WHAT THIS TASK INVOLVES >>
From the line with "Букет из конфет" through the final line, transcribe the material below character for character; include no other lines.

___

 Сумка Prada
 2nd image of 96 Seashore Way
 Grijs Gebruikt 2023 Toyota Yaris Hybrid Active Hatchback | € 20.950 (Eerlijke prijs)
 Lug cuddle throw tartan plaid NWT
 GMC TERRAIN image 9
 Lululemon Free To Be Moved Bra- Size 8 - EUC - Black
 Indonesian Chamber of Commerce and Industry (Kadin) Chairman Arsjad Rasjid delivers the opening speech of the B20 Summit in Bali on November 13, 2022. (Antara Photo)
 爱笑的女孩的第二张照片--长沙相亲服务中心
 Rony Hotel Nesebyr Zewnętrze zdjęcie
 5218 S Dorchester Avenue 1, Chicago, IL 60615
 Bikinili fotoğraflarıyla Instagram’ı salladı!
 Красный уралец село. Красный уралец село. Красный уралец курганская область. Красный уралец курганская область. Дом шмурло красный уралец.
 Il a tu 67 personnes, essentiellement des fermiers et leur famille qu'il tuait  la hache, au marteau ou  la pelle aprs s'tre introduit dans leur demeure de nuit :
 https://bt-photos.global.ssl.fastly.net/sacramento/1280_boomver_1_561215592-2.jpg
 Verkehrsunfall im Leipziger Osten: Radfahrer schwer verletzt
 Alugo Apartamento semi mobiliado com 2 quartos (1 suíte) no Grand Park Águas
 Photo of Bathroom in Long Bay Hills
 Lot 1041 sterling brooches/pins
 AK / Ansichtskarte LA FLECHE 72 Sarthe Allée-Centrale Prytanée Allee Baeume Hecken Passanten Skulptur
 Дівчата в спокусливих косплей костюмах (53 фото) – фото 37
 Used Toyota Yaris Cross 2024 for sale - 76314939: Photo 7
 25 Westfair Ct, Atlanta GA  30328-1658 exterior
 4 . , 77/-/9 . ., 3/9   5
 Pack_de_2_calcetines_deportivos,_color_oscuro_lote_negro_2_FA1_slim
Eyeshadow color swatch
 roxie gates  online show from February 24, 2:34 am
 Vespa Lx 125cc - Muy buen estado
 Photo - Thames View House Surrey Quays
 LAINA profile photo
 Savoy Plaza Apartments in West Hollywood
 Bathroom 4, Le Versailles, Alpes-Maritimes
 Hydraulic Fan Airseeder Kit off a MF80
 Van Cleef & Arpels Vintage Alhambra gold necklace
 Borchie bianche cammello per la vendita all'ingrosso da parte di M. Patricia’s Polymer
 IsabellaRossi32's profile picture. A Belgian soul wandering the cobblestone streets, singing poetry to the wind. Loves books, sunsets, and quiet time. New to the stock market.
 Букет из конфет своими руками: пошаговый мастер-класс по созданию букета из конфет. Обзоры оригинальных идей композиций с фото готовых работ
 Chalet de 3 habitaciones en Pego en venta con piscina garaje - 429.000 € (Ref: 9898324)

___

SOLUTION >>
 Букет из конфет своими руками: пошаговый мастер-класс по созданию букета из конфет. Обзоры оригинальных идей композиций с фото готовых работ
 Chalet de 3 habitaciones en Pego en venta con piscina garaje - 429.000 € (Ref: 9898324)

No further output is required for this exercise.